Поздно вечером, когда я совсем уже собирался лечь спать, она зашла ко мне в комнату и села на постель.
– Тут сейчас вполне уютно, тебе не кажется? – спросила она.
– Вполне.
Она сразу увидела свою карточку, вынутую из «Роб Роя», которую я заткнул за рамку зеркала. Спальня, где нет ни одной фотографии, свидетельствует о бессердечии ее обитателя – когда человек засыпает, он нуждается в присутствии родственных душ, которые окружали бы его, как, бывало, Матфей, Марк, Лука и Иоанн в детстве [имеется в виду широко известный в Англии детский стишок, где перечислены имена евангелистов].
– Откуда она у тебя? – спросила тетушка.
– Я нашел ее в книге.
– Твой отец снимал.
– Я так и думал.
– То был на редкость счастливый день. В тот период счастливых дней было мало. Уж очень много было споров из-за твоего будущего.
– Моего будущего?
– А тебя еще и на свете не было. Сейчас мне опять очень хотелось бы знать, что же с тобой будет.
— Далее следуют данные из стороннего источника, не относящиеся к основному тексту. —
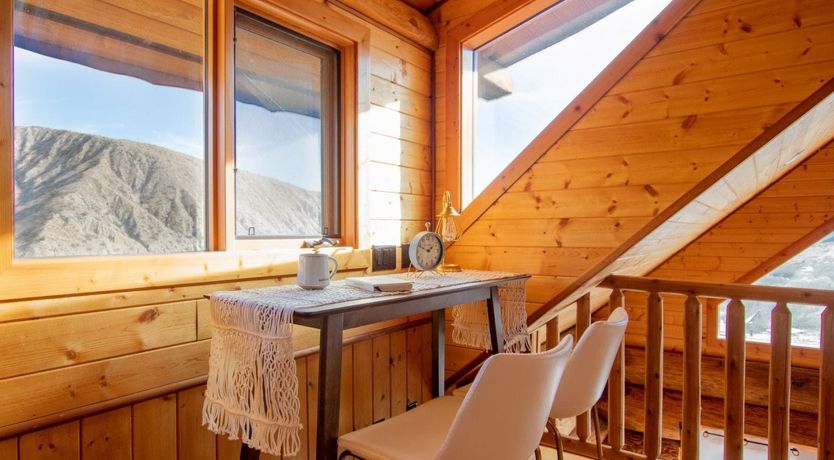 Photo of Finch Cabin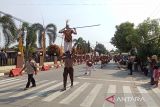 Pemkab Batang  tampilkan ragam kostum edukatif di karnaval pembangunan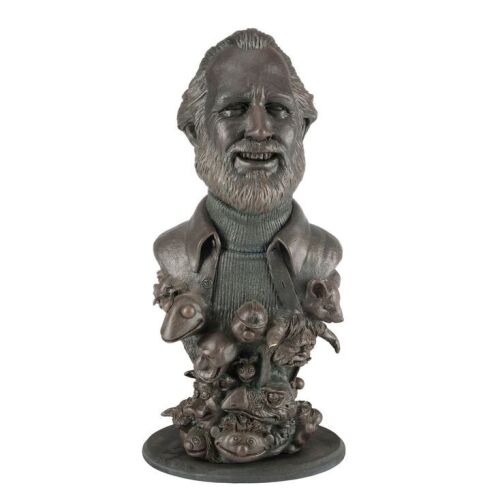 721. Dick Smith Collection: Jim Henson Miniature Bust Gift ### JIM HENSON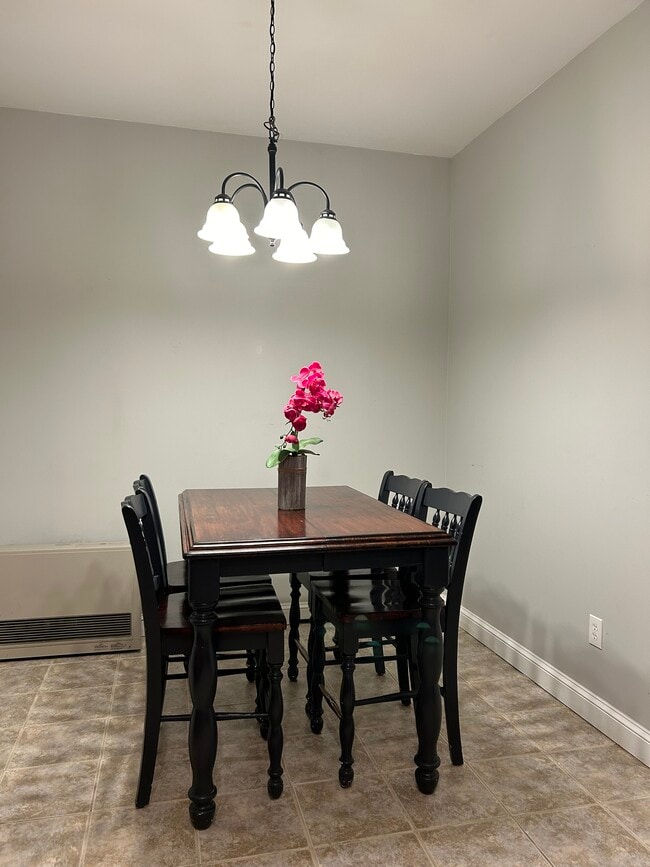 Dining area - 10 Independence Way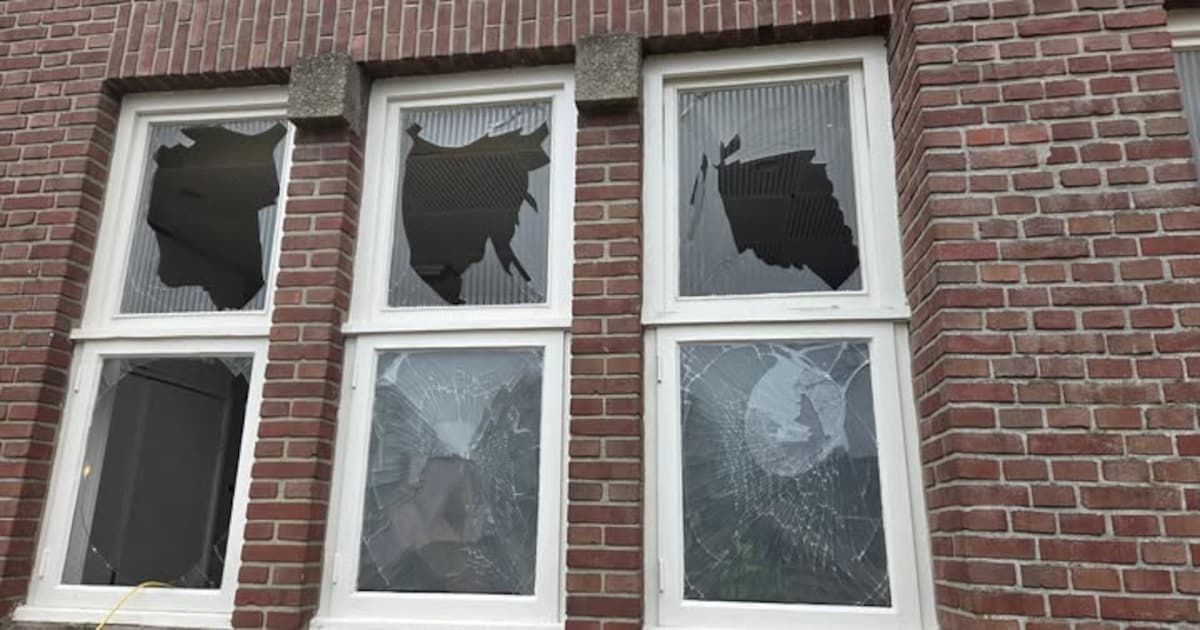 Explosie in Eibergen: tientallen ruiten bij voormalige kerk kapot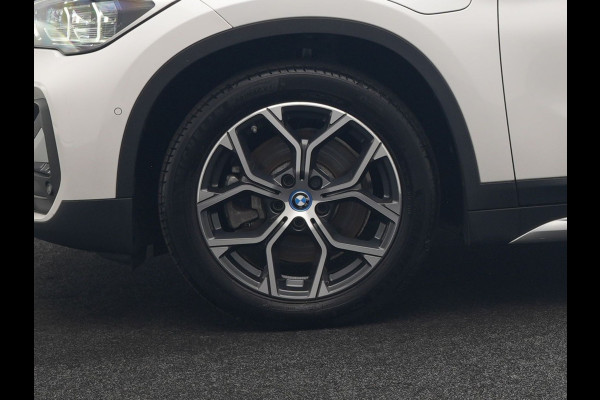 BMW X1 xDrive25e xLine PHEV 221pk Dealer O.H | Panodak | Adaptive Cruise | Camera | Head Up | Lederen Sportstoelen Memory & Verwarmd | Hifi Audio | Lane Assist | Sfeerverlichting | Navigatie | DAB | 18"L.M | Plug In Hybrid |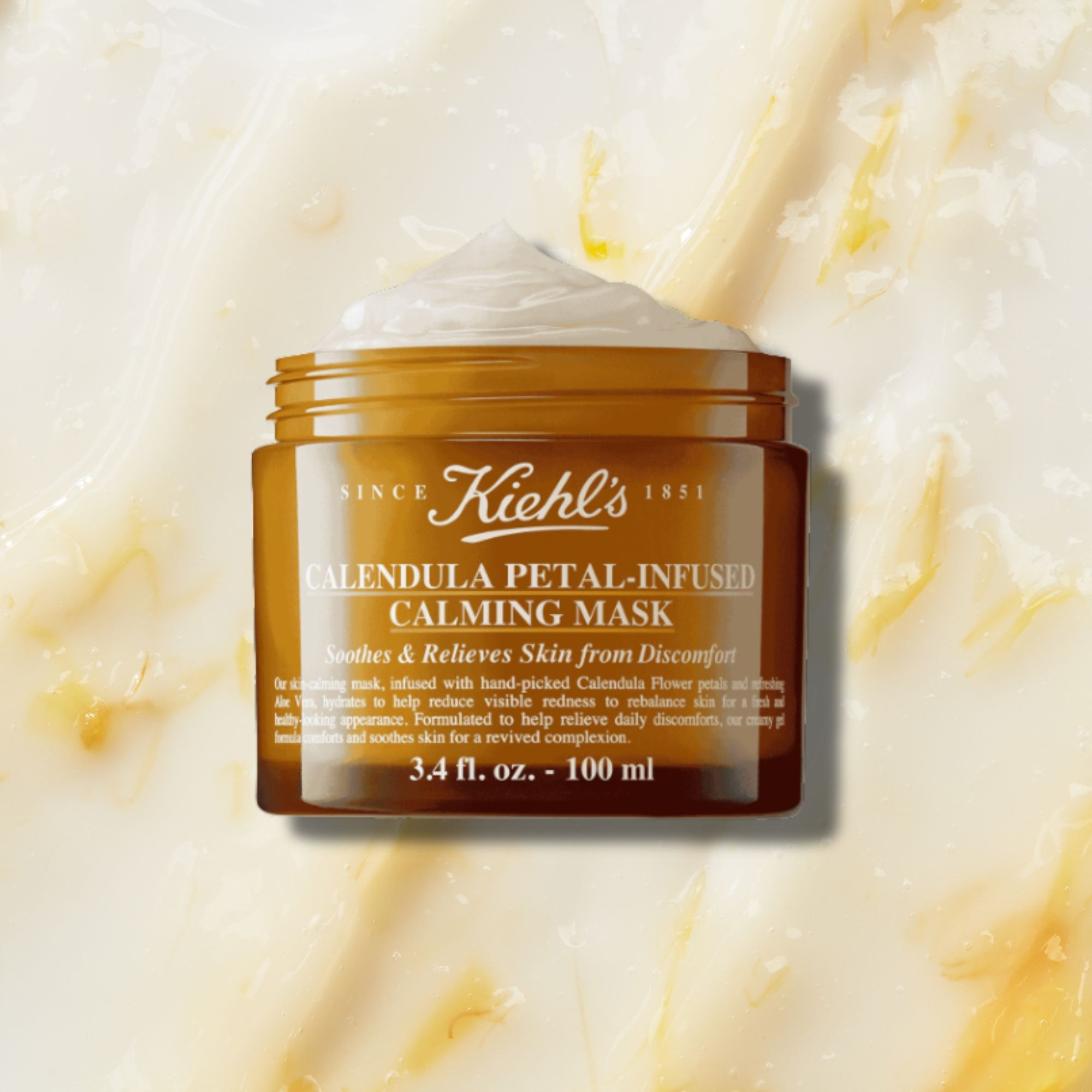 Calendula Petal-Infuse Calming Mask su sfondo texture maschera gel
Ты останешься с нами? Ты отвечаешь так уклончиво.
– О пароходе думать уже поздно.
– Пустая каюта всегда найдется.
– Не очень-то меня прельщает перспектива провести три дня с бедным Вордсвортом.
– Можно лететь самолетом…
– Вот именно, – заключил я, – так что, как видите, мне не надо решать прямо сейчас. Я могу лететь через неделю или через две. Поживем – увидим.
– Я всегда представляла, как придет день, и мы будем жить вместе.
– Всегда, тетя Августа? Мы с вами знакомы меньше года.
– А зачем, ты думаешь, я приехала на похороны?
– Все-таки умерла ваша сестра.
– Ах да, я и забыла.
– Так что подумать о дальнейшем время еще есть, – добавил я. – А вдруг вы и сами не захотите здесь остаться. Вы же такая любительница путешествий, тетя Августа.
– Нет, здесь конец моего пути. Вероятно, мои путешествия тоже были неким суррогатом. Ведь когда мистер Висконти был рядом, у меня не возникало желания путешествовать. А чем, собственно, тебя так притягивает Саутвуд?
Этот вопрос я задавал себе уже несколько дней и постарался ответить на него как мог убедительнее. Я говорил о моих георгинах, даже о майоре Чардже и его золотых рыбках. Пошел дождь, зашуршал по листьям деревьев; с тяжелым стуком упал на землю грейпфрут. Я говорил о последнем вечере с мисс Кин и о ее печальном, полном сомнений письме из Коффифонтейна. Даже адмирал прошествовал через мои воспоминания, раскрасневшийся от кьянти, в алой бумажной шляпе. На ступенях моего дома накапливались пакеты «ОМО». Я испытывал чувство облегчения, как больной от укола пентотала, и говорил все, что приходило в голову. Я говорил про «Петушка», про Питера и Нэнси в ресторане близ аббатства на углу Латимер-роуд, про колокола церкви св.Иоанна и доску в честь советника Трамбуля, патрона мрачного сиротского приюта. Я сидел на постели рядом с тетушкой, она обняла меня, а я пересказывал ей небогатую событиями историю моей жизни.
– Я был очень счастлив, – заключил я, словно жизнь моя нуждалась в оправдании.
– Да, милый, да, я знаю, – повторяла она.
Я рассказал, как был добр ко мне сэр Альфред Кин, про банк и про то, как сэр Альфред грозился перевести свой счет в другое место, если меня не оставят управляющим.